10. Protection of the Buyer's data
Deluxe Concepts shall process all the personal information and data it receives from Buyers in accordance with its obligations under the legal and regulatory requirements for the processing of personal data, including the Act of 8 December 1992 on the protection of privacy in relation to the processing of personal data and the Regulation (EU) 2016/679 of the European Parliament and of the Council of 27 April 2016 on the protection of individuals with regard to the processing of personal data and on the free movement of such data, and repealing Directive 95/46/EC (General Data Protection Regulation).
11. Force Majeure
11.1. Force Majeure shall mean any act beyond the control of the parties, which the parties could not reasonably have foreseen or avoided and which makes it impossible to perform their contractual obligations.
11.2. The following shall be non-exclusively deemed to be situations of force majeure which do not allow Deluxe Concepts to fulfil its obligations: any interruptions in production, transport or delivery, any shortage of raw materials, strikes (general or partial, of personnel or suppliers and carriers), lock-outs, embargoes, war, epidemics, attacks, explosions or civil unrest, fire, flood, bad weather, telecommunication failures, technical defects in the production line, road blockages or obstruction or a cut-off of the power or gas supply, or any other cause preventing the supply of raw materials.
11.3. In the event of Force Majeure on the part of one of the parties (Deluxe Concepts or the Buyer) the obligations of this party towards the other shall be suspended by operation of law, and without this giving rise to any right to compensation on the part of the other party. As soon as the cause of force majeure is known, the party affected by said force majeure shall inform the Buyer of the force majeure situation and of the immediate suspension of the parties' obligations.
11.4. If the force majeure situation on the part of Deluxe Concepts persists for more than six (6) months, both the Buyer and Deluxe Concepts shall be entitled to terminate the contract without prior judicial intervention and without being liable to pay damages to the other party.

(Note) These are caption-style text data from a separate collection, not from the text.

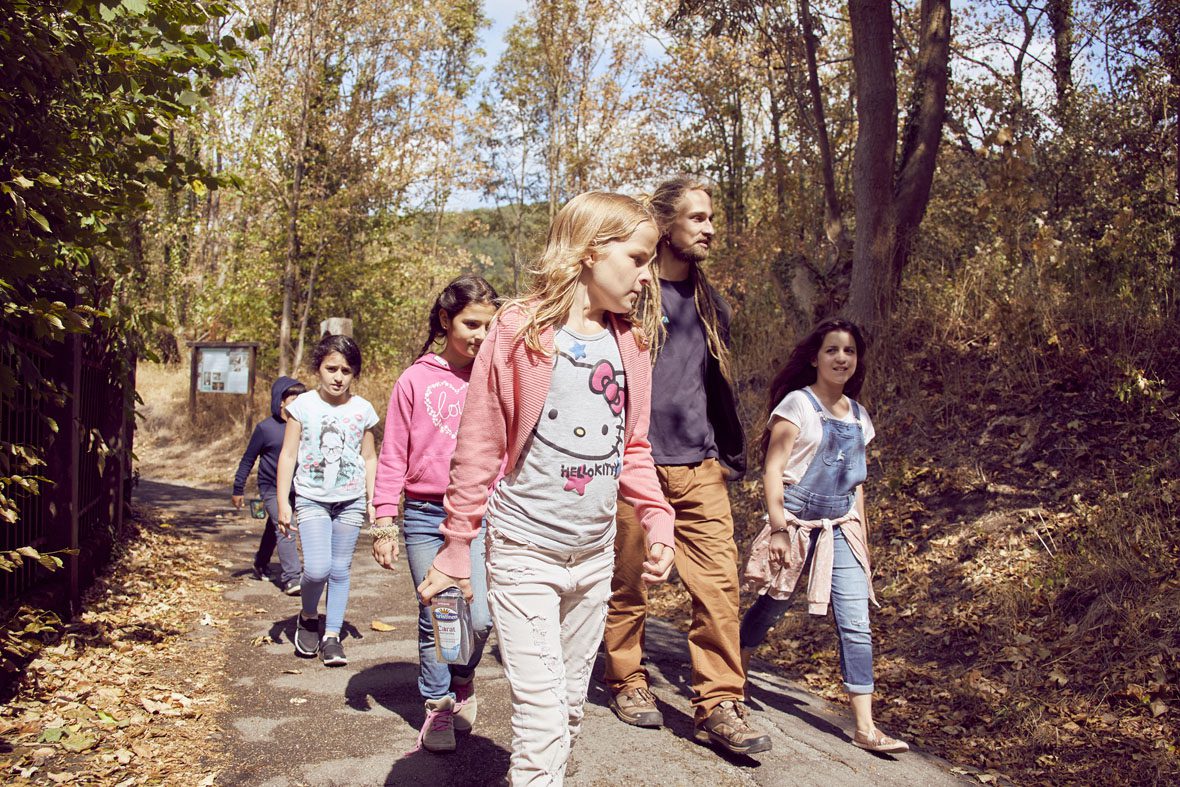 Eine Gruppe Kinder und ihr Betreuer gehen in den Wald, um Stöcke zu suchen.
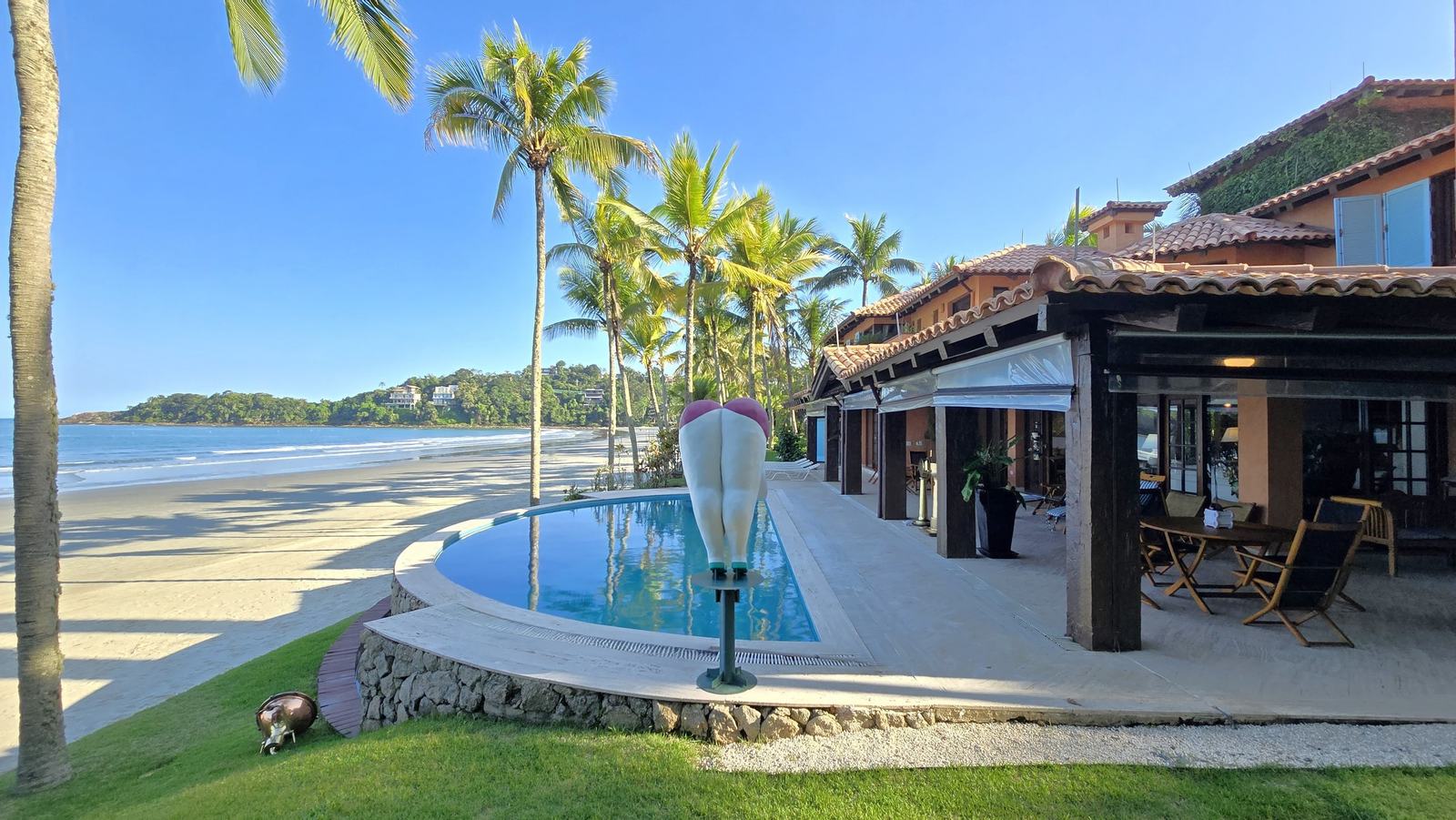 Área externa 21 — Iporanga, Guarujá, para locação, Casa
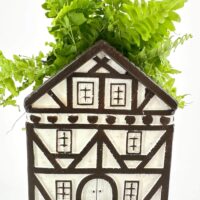 Charming half-timbered house planter with vibrant green ferns for cosy home decor.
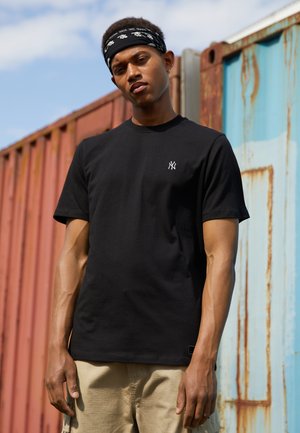 Black cotton t-shirt with short sleeves, featuring a small white embroidered logo on the chest. Model wears khaki shorts and a black bandana.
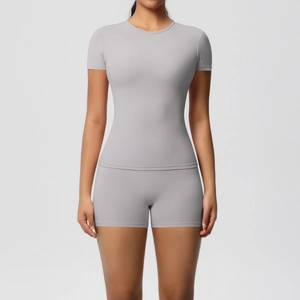 Front view of light grey seamless athletic set with slim-fit short sleeve tee and biker shorts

The invalidity or unenforceability (in full or in part) of one or more of the clauses of these General Terms and Conditions shall not affect the validity or enforceability of the remaining clauses or that part of the clause which is not invalid or unenforceable, or the contract as a whole. In such a case, the parties will negotiate in good faith to replace the unenforceable or conflicting provision with an enforceable and valid provision that comes as close as possible to the purpose and scope of the original provision.
13. Applicable law
The contractual relationship between Deluxe Concepts and the Buyer shall be exclusively governed by Belgian law. The application of the Vienna Convention of 11 April 1980 on Contracts for the International Sale of Goods and the Convention of 14 June 1974 on the Limitation Period in the International Sale of Goods is explicitly excluded.
14. Competent court
Any dispute between Deluxe Concepts and the Buyer relating to the offers, quotations and order confirmations of Deluxe Concepts and/or to the sales contracts between Deluxe Concepts and the Buyer shall fall under the exclusive jurisdiction of the Courts of Kortrijk (Belgium).